▸ What the exercise asks: Below are the entries; return exactly the line with "1G11C5SL0EF196681 - 2014" and every later line, without anything else.

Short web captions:
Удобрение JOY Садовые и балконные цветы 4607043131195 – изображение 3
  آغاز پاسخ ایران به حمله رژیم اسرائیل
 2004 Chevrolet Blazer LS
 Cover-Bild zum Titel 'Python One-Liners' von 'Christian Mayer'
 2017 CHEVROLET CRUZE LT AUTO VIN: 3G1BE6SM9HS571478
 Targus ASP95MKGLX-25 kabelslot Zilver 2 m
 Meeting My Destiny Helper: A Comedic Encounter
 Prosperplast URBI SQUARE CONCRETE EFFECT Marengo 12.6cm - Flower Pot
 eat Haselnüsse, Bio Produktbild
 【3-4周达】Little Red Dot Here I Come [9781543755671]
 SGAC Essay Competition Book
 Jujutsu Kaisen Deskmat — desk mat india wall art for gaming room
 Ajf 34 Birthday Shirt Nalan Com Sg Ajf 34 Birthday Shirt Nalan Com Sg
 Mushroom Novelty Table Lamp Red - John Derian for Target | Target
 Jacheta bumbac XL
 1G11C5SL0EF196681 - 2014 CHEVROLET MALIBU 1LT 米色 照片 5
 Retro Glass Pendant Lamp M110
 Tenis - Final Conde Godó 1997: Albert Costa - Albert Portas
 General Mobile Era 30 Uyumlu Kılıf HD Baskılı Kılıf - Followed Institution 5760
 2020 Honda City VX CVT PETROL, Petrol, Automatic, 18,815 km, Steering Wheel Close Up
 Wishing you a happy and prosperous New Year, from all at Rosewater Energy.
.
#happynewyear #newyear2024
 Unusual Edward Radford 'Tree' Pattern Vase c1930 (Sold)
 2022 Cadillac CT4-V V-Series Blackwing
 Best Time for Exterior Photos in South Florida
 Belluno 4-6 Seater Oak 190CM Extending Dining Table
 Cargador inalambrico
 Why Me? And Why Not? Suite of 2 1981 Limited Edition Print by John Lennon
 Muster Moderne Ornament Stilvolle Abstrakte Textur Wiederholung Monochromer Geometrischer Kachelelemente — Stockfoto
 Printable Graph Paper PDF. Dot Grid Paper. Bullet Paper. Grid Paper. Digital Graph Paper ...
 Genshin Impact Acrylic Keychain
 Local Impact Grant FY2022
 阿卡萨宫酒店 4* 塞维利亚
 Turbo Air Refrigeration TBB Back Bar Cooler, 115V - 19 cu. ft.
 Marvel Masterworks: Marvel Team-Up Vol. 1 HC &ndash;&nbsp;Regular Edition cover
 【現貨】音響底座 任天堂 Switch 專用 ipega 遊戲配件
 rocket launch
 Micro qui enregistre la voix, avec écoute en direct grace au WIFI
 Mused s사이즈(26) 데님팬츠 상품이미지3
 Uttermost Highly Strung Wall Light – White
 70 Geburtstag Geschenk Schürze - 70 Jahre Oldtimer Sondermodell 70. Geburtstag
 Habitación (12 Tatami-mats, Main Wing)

▸ Your solution:
 1G11C5SL0EF196681 - 2014 CHEVROLET MALIBU 1LT 米色 照片 5
 Retro Glass Pendant Lamp M110
 Tenis - Final Conde Godó 1997: Albert Costa - Albert Portas
 General Mobile Era 30 Uyumlu Kılıf HD Baskılı Kılıf - Followed Institution 5760
 2020 Honda City VX CVT PETROL, Petrol, Automatic, 18,815 km, Steering Wheel Close Up
 Wishing you a happy and prosperous New Year, from all at Rosewater Energy.
.
#happynewyear #newyear2024
 Unusual Edward Radford 'Tree' Pattern Vase c1930 (Sold)
 2022 Cadillac CT4-V V-Series Blackwing
 Best Time for Exterior Photos in South Florida
 Belluno 4-6 Seater Oak 190CM Extending Dining Table
 Cargador inalambrico
 Why Me? And Why Not? Suite of 2 1981 Limited Edition Print by John Lennon
 Muster Moderne Ornament Stilvolle Abstrakte Textur Wiederholung Monochromer Geometrischer Kachelelemente — Stockfoto
 Printable Graph Paper PDF. Dot Grid Paper. Bullet Paper. Grid Paper. Digital Graph Paper ...
 Genshin Impact Acrylic Keychain
 Local Impact Grant FY2022
 阿卡萨宫酒店 4* 塞维利亚
 Turbo Air Refrigeration TBB Back Bar Cooler, 115V - 19 cu. ft.
 Marvel Masterworks: Marvel Team-Up Vol. 1 HC &ndash;&nbsp;Regular Edition cover
 【現貨】音響底座 任天堂 Switch 專用 ipega 遊戲配件
 rocket launch
 Micro qui enregistre la voix, avec écoute en direct grace au WIFI
 Mused s사이즈(26) 데님팬츠 상품이미지3
 Uttermost Highly Strung Wall Light – White
 70 Geburtstag Geschenk Schürze - 70 Jahre Oldtimer Sondermodell 70. Geburtstag
 Habitación (12 Tatami-mats, Main Wing)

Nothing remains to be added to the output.